Fourth, the news media, through the use of exemplars, emotional appeals, metaphors, visual images, sound bites, and other symbolic devices, frame public policy issues in unique ways (Gamson, 1988; Gamson & Modigliani, 1987). Framing suggests an interpretation of issues or events in the news (Pan & Kosicki, 1993). Framing effects tend to limit the scope of discussion among members of the public, but they also supply the vocabulary for public discussion (Gamson, 1992; Iyengar, 1991). For example, framing policies about race as either “affirmative action” or “reverse discrimination” brings different considerations to the public’s mind and may consequently lead to different opinion responses (Kinder & Sanders, 1990). Chong (1996) discussed the need to create common frames of reference or considerations between elites and public when thinking of public policy.
Question wording experiments that vary these types of word choices in the context of surveys, growing out of a concern about the robustness of the method, are now motivated by concerns arising from cognitive psychology (e.g., Feldman, 1995; Schwarz & Sudman, 1996; Sirken et al., 1999). Although primarily methodological in character, they may be seen as examples of such framing effects and even given substantive interpretations under certain circumstances (Kinder & Sanders, 1996).
This discussion of framing has been intended to describe in a theoretical way variations in news media content as it relates to public issues. In the next section, the priming hypothesis helps to connect these issues illuminated in media content to the study of variations in public opinion in the evaluations of presidents and public policies.
Priming
As has been discussed, the media priming hypothesis suggests that the news media stress certain considerations, and not others, in their news materials about public policies or candidates for office. In so doing, media alter the standards by which these policies or candidates for office are evaluated. Of course, it is well-known that media content alone does not produce effects (McLeod & Reeves, 1980). In other words, learning and many other effects of media messages are subject to the usual limits of physical exposure, attention, and other information processing strategies, in which the audience member may reject or accept the basic premise of the information (e.g., Cappella & Jamieson, 1997; see also Austin & Pinkleton, 1999; Kosicki & McLeod, 1989; Zaller, 1992).

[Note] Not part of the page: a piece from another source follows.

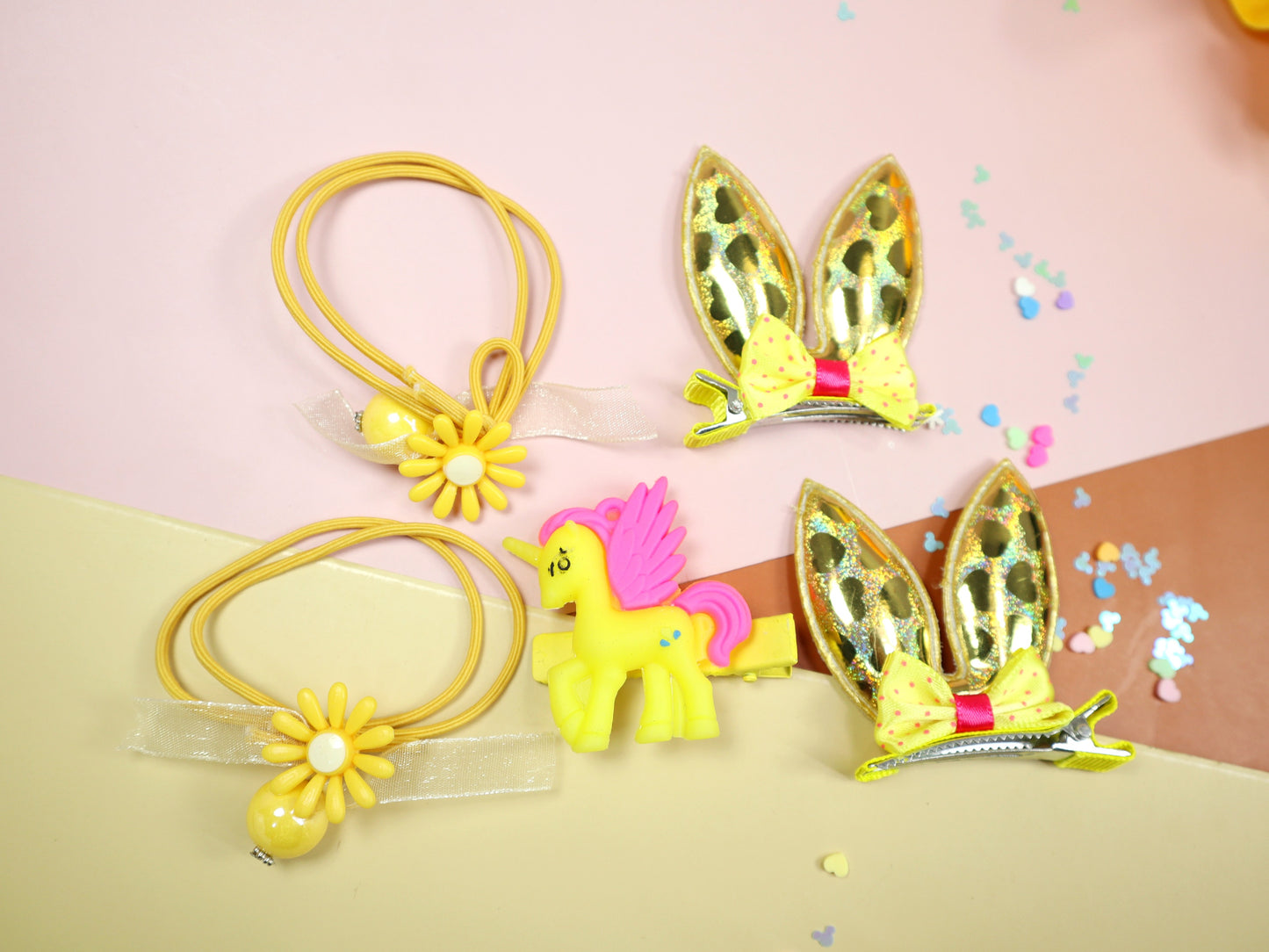 Kamule bunny clip and flora set of-5 -yellow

Priming versus Agenda-Setting and Framing
The agenda-setting model has been so Pervasive in the field that virtually any reference to the topic of media and public issues will be said by some to be a case of agenda-setting. Yet we have seen that framing and priming have their places as well; therefore, it is useful to offer a comparison among the various concepts so that each will be understood with minimal ambiguity in the discussion that follows.

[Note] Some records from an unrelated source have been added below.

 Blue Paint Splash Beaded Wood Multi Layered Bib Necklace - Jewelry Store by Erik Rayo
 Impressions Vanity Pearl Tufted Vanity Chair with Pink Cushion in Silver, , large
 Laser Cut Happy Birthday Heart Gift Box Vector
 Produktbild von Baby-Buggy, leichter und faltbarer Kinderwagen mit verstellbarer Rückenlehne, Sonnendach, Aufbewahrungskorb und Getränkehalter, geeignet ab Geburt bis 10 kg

Agenda-setting is commonly understood as a model that links the salience or priority of issues in the media with the priorities of the public (Kosicki, 1993). A key to understanding agenda-setting is the typical conceptualization of public issues as relatively broad, abstract categories such as environment, trust in government, and poverty. Mutz (1998, p.70) called agenda-setting a “nondirectional” effect, by which she meant the effect is supposed to result from the amount of salience of the coverage of a particular issue and does not matter whether the coverage is favorable or unfavorable. There are both strengths and weaknesses of this approach. On the one hand, the use of abstract issues makes it possible to study the rise and fall of salience of a slate of issues over many decades. On the other hand, the abstract nature of what is studied is quite removed from the details of the issue. This suggests that often we are left with the feeling that agenda-setting studies do not tell very much about the nature of news discourse or the audience effects that they purport to study. As Kosicki (1993) has described this, issues are, or ought to be, a type of contested discourse, yet “the agenda-setting framework strips away almost everything worth knowing about how the media cover an issue and leaves only the shell of the topic” (p. 112). Cappella and Jamieson (1997) made a similar point concerning media priming:
Media priming, like agenda setting, is not concerned with how issues are treated in news coverage, only with their relative frequency. Priming would treat a story about president Clinton’s decision to send troops to Haiti described as a ploy to drum up support prior to fall elections as equivalent to a story about sending troops to Haiti to ensure the return of democracy. These two stories are framed very differently, but they are equivalent from the viewpoint of media priming. (p. 52)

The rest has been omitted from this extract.